Surface-induced melting and structural evolution of Fe2O3 nanoparticles: Insight from molecular dynamics simulation

RB Zeng and H Ding and ZJ Shen and QF Liang and HF Liu, CHEMICAL ENGINEERING JOURNAL, 526, 171094 (2025).

DOI: 10.1016/j.cej.2025.171094

Molecular dynamics simulation is to investigate the atomic thermal diffusion and crystal structure evolution during the surface-induced melting of Fe2O3 nanoparticles (NPs). The melting process of Fe2O3 NPs adheres to the liquid-shell melting mechanism, progressing from surface pre-melting to core melting. The size effect contributes to a reduction in the melting point, with smaller particles exhibiting more pronounced surface energy-induced pre-melting.
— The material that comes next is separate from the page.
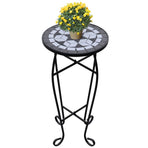 Mosaic Plant Table Black and White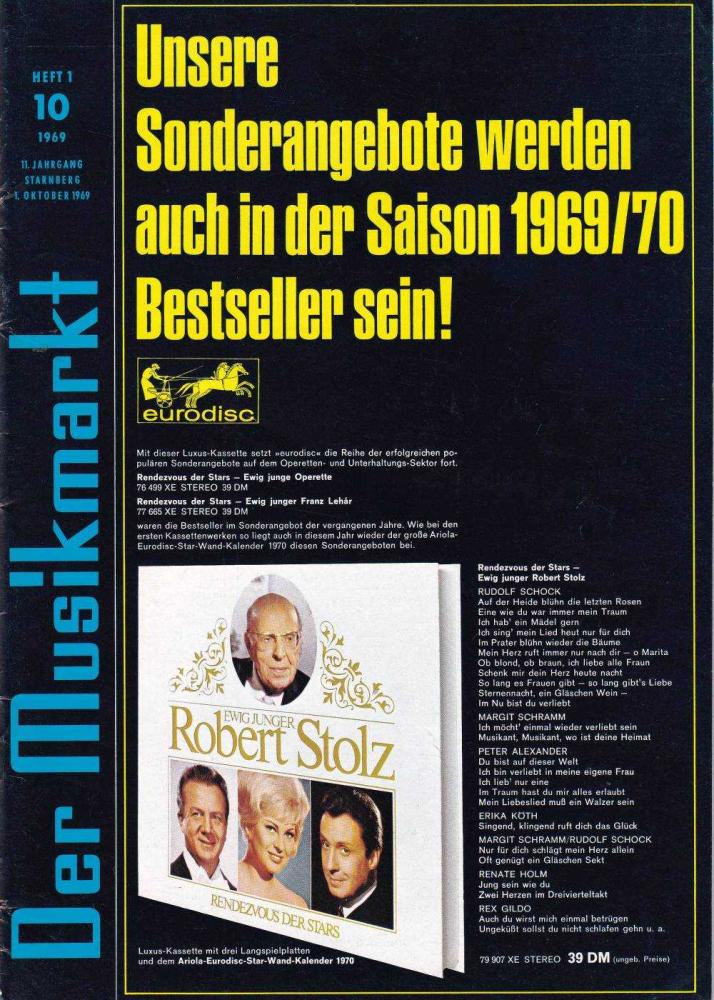 musikmarkt 10 1 1969 Heftcover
A gradual decrease in atomic migration activity from the surface to the core, where surface atoms are progressively activated and transferred layer by layer. Fe and O atom transiting forms are coordinated states. Additionally, the local structures of Fe and O atoms transform from body-centered cubic (BCC) and hexagonal close-packed (HCP) arrangements to amorphous configurations, respectively. A critical temperature (1300K) is identified at which Fe2O3 NPs transit from a crystalline to an amorphous state. The surface-induced melting and structural evolution mechanism of Fe2O3 nanoparticles is proposed.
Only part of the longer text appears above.